Although supplement use is often vilified in the media, a new survey indicates your physician likely is convinced of their utility. It seems 60-75% of physicians take supplements themselves.  That’s about the same rate as the general population.   Doctors…just like US!

They’re typically taking multivitamins and fish oil.  And most would recommend their patients mimic their supplement use.  If it’s good enough for your physician…

Most physicians don’t receive formal training about supplements.  No worries.  Being a physician requires a lifelong commitment to learning.  Understanding the usefulness and yes, the dangers, of supplements is a skill most MDs develop through their careers and personal experience.

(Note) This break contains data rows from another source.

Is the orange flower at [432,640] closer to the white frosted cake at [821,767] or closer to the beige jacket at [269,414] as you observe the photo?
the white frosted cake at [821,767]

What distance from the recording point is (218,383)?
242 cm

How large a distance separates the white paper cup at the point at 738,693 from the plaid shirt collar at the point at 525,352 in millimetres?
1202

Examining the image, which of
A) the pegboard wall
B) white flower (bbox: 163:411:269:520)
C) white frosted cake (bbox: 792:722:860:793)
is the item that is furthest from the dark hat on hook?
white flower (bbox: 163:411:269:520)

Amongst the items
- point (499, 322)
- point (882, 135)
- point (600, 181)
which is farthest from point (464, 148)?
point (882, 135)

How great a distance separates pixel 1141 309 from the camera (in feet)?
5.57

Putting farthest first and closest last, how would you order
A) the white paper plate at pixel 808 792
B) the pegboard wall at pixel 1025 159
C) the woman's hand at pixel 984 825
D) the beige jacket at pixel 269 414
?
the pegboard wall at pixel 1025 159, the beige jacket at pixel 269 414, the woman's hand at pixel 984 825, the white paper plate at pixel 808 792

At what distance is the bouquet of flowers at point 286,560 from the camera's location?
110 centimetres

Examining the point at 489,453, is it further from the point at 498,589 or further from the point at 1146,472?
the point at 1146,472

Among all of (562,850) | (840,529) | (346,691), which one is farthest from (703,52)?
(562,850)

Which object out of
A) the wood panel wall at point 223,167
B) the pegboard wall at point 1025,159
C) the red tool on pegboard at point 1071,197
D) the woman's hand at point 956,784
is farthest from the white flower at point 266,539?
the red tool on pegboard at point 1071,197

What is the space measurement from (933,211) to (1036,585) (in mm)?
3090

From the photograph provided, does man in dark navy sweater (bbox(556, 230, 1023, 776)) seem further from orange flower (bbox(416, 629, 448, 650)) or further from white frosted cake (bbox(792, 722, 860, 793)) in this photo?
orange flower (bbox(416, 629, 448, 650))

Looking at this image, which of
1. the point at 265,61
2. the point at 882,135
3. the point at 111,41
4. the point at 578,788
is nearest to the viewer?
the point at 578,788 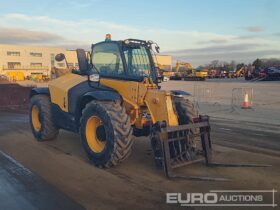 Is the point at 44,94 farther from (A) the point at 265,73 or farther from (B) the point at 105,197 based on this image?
(A) the point at 265,73

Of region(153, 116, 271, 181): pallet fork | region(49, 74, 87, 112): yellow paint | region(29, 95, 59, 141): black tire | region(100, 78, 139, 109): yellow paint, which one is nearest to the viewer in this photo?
region(153, 116, 271, 181): pallet fork

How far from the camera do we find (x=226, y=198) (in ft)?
17.2

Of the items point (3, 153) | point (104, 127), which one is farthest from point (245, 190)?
point (3, 153)

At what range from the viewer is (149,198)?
17.1 feet

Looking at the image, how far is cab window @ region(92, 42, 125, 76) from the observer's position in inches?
291

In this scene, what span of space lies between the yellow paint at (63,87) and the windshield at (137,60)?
4.43 ft

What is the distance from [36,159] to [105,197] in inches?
108

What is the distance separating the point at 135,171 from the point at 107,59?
8.38 feet

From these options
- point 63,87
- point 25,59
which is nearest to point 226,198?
point 63,87

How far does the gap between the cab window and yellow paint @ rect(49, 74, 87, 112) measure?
0.62 m

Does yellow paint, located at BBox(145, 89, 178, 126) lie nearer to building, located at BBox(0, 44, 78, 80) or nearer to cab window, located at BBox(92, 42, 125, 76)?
cab window, located at BBox(92, 42, 125, 76)

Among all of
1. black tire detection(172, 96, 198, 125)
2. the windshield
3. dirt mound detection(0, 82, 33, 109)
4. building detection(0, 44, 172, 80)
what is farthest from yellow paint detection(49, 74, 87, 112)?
building detection(0, 44, 172, 80)

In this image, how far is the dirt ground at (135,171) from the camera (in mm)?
5327

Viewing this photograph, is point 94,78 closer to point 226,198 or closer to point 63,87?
point 63,87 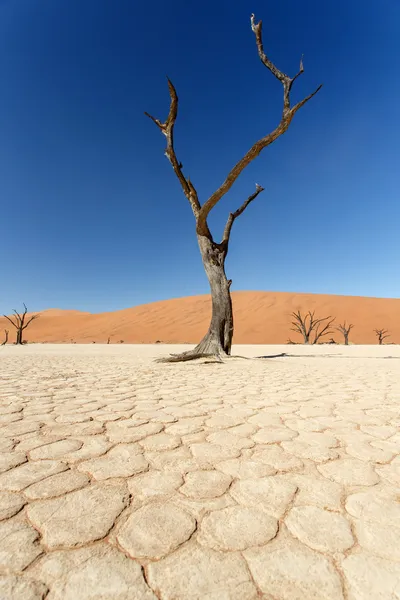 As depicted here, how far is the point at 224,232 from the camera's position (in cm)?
809

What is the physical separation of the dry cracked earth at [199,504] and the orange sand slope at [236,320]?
79.6ft

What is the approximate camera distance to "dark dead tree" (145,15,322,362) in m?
6.65

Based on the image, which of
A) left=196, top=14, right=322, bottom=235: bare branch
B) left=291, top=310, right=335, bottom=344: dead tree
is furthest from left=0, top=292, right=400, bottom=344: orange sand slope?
left=196, top=14, right=322, bottom=235: bare branch

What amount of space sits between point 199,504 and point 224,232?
736 centimetres

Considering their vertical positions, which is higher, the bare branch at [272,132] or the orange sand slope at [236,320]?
the bare branch at [272,132]

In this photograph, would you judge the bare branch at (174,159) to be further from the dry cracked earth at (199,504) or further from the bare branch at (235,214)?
the dry cracked earth at (199,504)

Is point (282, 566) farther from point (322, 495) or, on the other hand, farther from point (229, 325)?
point (229, 325)

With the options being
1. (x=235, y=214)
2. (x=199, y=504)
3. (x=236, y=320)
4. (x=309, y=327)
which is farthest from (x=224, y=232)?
(x=236, y=320)

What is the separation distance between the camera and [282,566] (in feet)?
3.00

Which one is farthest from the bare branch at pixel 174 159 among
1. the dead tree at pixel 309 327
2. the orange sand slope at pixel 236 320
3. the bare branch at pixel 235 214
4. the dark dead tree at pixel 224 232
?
the orange sand slope at pixel 236 320

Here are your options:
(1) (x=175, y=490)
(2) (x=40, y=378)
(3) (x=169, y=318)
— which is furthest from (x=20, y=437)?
(3) (x=169, y=318)

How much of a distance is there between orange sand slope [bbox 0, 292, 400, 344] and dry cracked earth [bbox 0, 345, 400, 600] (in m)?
24.2

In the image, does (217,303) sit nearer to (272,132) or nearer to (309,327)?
(272,132)

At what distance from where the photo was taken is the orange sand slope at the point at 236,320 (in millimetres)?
27938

So talk to your doc about supplementation.  Ask if they personally take anything and why.  Ask what you should avoid.  And always be sure to clear with your doc any new supplement you wish to start.

Turns out Doctors are just like regular people.  Curious….

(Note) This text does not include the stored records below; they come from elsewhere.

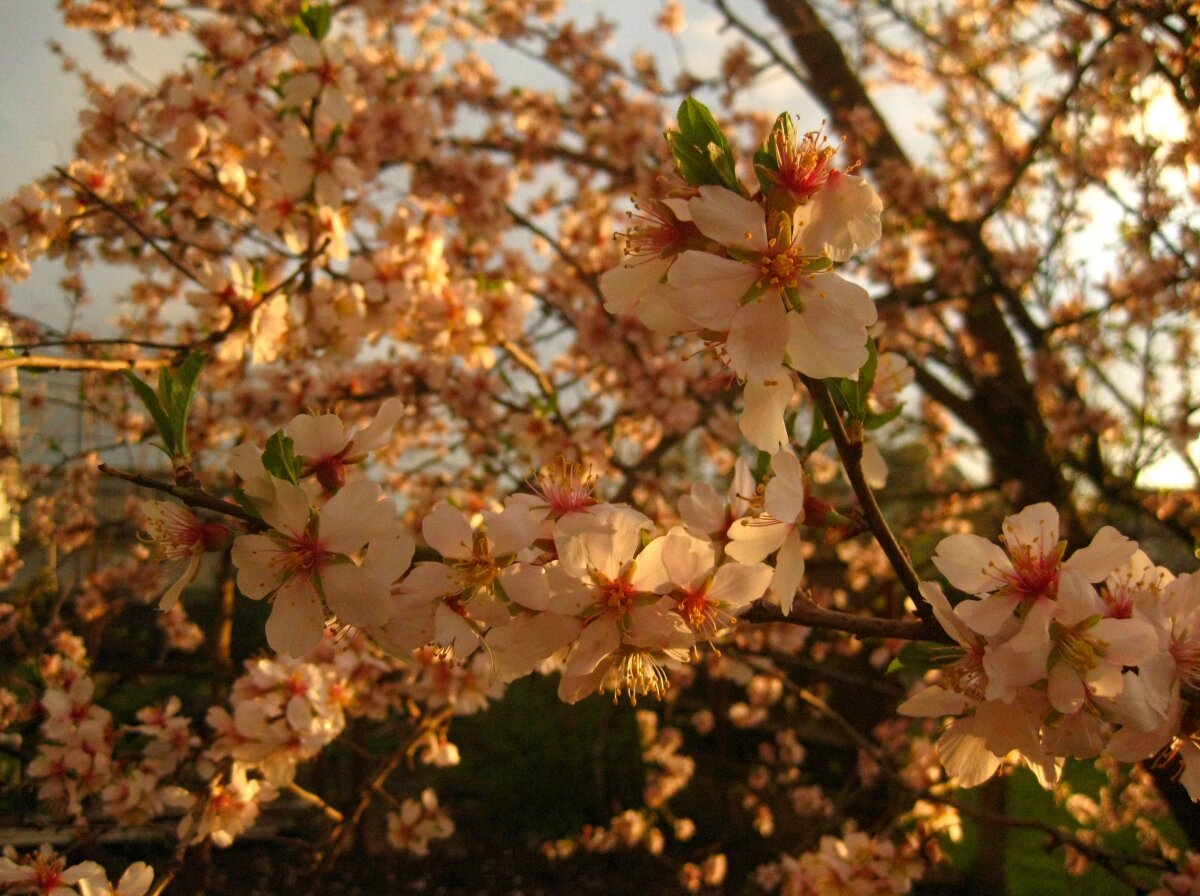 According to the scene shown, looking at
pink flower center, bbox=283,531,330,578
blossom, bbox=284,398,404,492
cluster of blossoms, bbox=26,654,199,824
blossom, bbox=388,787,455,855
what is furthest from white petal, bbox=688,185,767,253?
blossom, bbox=388,787,455,855

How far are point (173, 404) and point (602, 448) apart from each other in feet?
6.46

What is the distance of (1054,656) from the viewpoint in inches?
27.3

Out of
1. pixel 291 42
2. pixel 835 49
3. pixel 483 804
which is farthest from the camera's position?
pixel 483 804

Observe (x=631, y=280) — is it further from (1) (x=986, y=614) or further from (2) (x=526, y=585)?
(1) (x=986, y=614)

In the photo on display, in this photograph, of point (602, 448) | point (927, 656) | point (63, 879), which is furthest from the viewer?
point (602, 448)

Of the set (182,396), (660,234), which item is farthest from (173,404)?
(660,234)

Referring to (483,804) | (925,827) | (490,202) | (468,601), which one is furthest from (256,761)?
(483,804)

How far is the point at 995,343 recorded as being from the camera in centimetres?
377

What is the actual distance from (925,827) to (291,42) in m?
2.64

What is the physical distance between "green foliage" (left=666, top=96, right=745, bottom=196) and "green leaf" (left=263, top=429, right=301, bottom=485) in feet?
1.45

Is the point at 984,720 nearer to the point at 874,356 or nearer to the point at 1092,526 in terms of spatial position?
the point at 874,356

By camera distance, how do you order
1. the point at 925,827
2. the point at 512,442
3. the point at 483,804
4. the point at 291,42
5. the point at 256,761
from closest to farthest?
the point at 256,761 → the point at 291,42 → the point at 925,827 → the point at 512,442 → the point at 483,804

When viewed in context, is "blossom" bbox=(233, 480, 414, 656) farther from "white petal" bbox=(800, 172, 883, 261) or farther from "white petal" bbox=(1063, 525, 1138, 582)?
"white petal" bbox=(1063, 525, 1138, 582)

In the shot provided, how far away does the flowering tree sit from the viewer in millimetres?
730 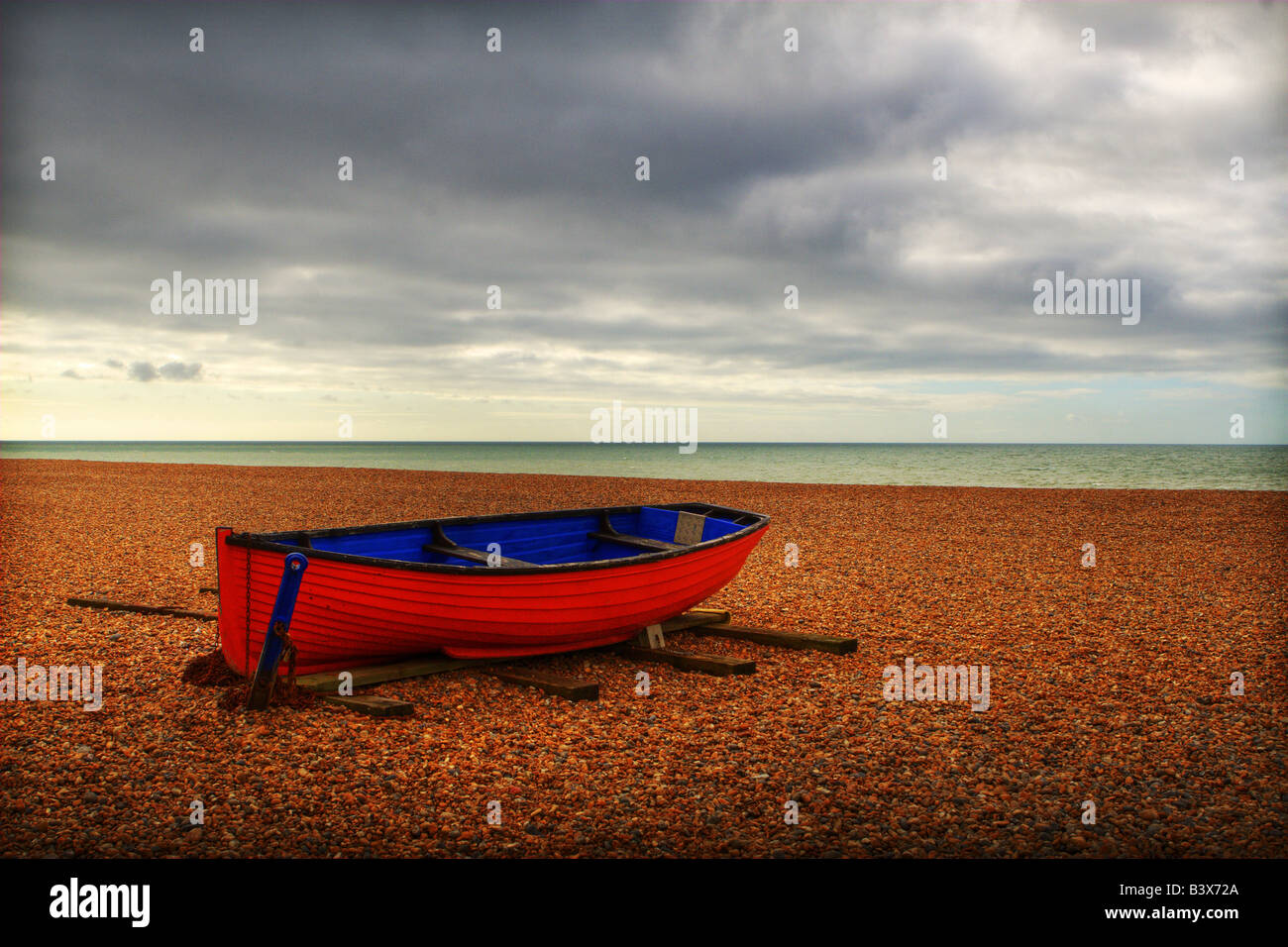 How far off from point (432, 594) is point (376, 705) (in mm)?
908

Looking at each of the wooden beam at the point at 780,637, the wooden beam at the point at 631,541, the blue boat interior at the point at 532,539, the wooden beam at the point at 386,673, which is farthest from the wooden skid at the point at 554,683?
the wooden beam at the point at 631,541

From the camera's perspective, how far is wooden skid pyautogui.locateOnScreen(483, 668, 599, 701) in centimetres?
664

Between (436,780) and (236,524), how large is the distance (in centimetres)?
1590

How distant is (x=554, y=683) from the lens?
6.76 metres

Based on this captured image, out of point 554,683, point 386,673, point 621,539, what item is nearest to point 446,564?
point 386,673

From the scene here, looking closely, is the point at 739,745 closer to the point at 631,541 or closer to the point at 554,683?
the point at 554,683

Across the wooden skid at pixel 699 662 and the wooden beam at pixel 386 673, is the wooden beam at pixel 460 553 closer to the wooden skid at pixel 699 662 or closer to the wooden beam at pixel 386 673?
the wooden beam at pixel 386 673

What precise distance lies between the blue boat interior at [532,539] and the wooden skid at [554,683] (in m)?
1.17

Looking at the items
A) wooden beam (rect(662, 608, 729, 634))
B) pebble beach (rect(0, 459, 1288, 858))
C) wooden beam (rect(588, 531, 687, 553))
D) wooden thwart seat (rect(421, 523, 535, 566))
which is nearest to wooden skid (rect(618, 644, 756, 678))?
pebble beach (rect(0, 459, 1288, 858))

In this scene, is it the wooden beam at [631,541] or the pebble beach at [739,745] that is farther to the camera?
the wooden beam at [631,541]

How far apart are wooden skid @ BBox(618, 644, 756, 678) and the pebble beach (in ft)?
0.43

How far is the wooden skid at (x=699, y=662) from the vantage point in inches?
293

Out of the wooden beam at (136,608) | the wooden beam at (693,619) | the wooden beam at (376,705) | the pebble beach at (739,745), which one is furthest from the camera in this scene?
the wooden beam at (136,608)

The Newest Miracle Diet Pill

No, it’s not Miracle Whip.  Though someday you may see it packed with reservatrol.

Reservatrol is the substance in red wine that has been linked to vino’s heart health benefits.  Now a new study aims to take this little known compound to rock star status.

How?  Well the study concluded it can help with weight loss.  This statement has likely sealed reservatrol’s fate:

“Without changing their diet or exercise habits, the mens’ metabolic function improved…..they were using and storing calories more like athletes in training than obese couch potatoes”

You had me at “without changing their diets or exercise habits”.  The allure of a no effort weight loss solution continues to be remarkable.  A simple pill to make me lose weight is the holy grail.

Expect an onslaught of “miracle diet pills” boosting your metabolic rate.  Expect “clinically proven” to be touted.  Even though most don’t really know what that means.  It sounds scientific.

Consider yourself warned.  The magic weight loss pill remains a myth, sadly.  Feel free to continue to enjoy red wine to your heart’s content.  Just don’t expect the pounds to melt away.